Para colmo, la vejez encarna a veces el torcido proceder de creerse todavía joven a pesar de la condición abyecta del cuerpo, a pesar de que a veces sin, a veces con, una sensación amarga se adueña de una ajenidad sobre el presente. Ahí la generosidad de los corazones hipócritas se aprovecha para burlarse, por más méritos que tengan las personas vapuleadas.

Reconozco esa depreciación, que otros más nóveles manifiestan con una afable complacencia juvenil con la pretensión de henchir por instantes el orgullo de hacer creer que sus sueños se han realizado. Por lo contrario, es la vejez descolorida la que va creciendo con una disciplina implacable.

Digámonos la verdad. Cuando esa disminución domina el cuerpo, apenas queda lugar en la mente para una subjetiva supervivencia.

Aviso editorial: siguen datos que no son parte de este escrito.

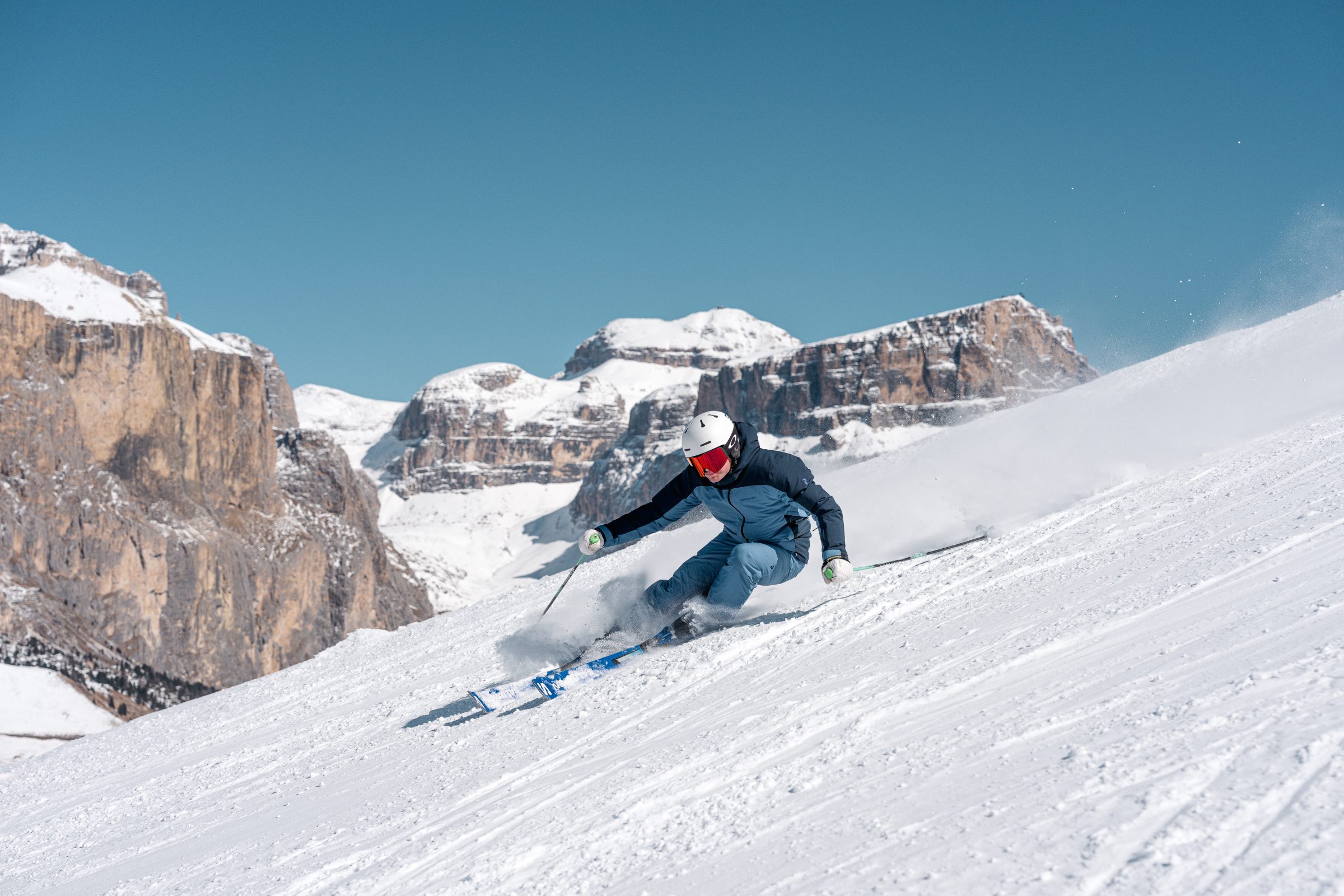 Sciatore in discesa con il gruppo del Sella sullo sfondo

No admito que exista alma alguna en la mayoría de edad que esté dispuesta a permitir estimaciones burdas de terceros, indignas, prostituidas; de trato insolente, irreverente, tanto si fuésemos personas serias o tontas. De ninguna manera. Sería como admitir que los ciegos opinen sobre los colores o, como decía Voltaire, que los sordos fuesen las únicas personas autorizadas a opinar en materia de música.

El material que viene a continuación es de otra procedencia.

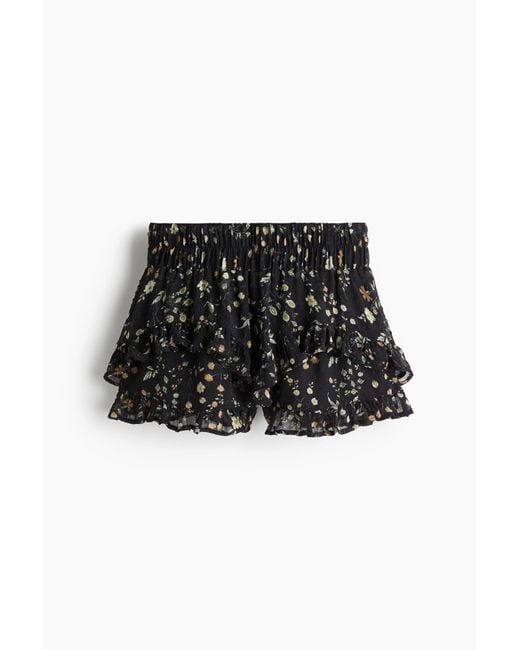 H&M Black Skort aus Plumetis mit Volantbesatz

Por otra parte hay múltiples disparates escritos en textos antiguos, relatados en enclaves geográficos imprecisos, donde se compara nuestras vivencias mayores con otras de viejos de otras latitudes supuestamente felices, privilegiadas en su mayoría de edad. Me produce repulsión relacionarme con esas culturas seniles, cuando no imaginarias contrapuestas a las nuestras. Como la de los indios de la Amazonía, que abusan del mismo y acomodaticio vocablo para decir joven y bello que viejo y feo, y falsamente reservan a los mayores la última acepción de un inexistente e inmenso y digno derecho de ser los únicos confidentes cercanos a Dios. ¡Vaya manera de deshacerse de ellos! Los dioses olímpicos, más prácticos, no amaban a los viejos; los abandonaban a un rencoroso diálogo en soledad, a un monólogo soso sobre los espacios familiares y a padecer el colapso del sexo. O a que observen abatidos que apenas quedan migajas de una libido sin amor y con miedo; con muchísimo miedo.

El deterioro físico, los achaques, las enfermedades y los conflictos, conllevan a la disminución del prestigio y al mecánico ritual del ostracismo.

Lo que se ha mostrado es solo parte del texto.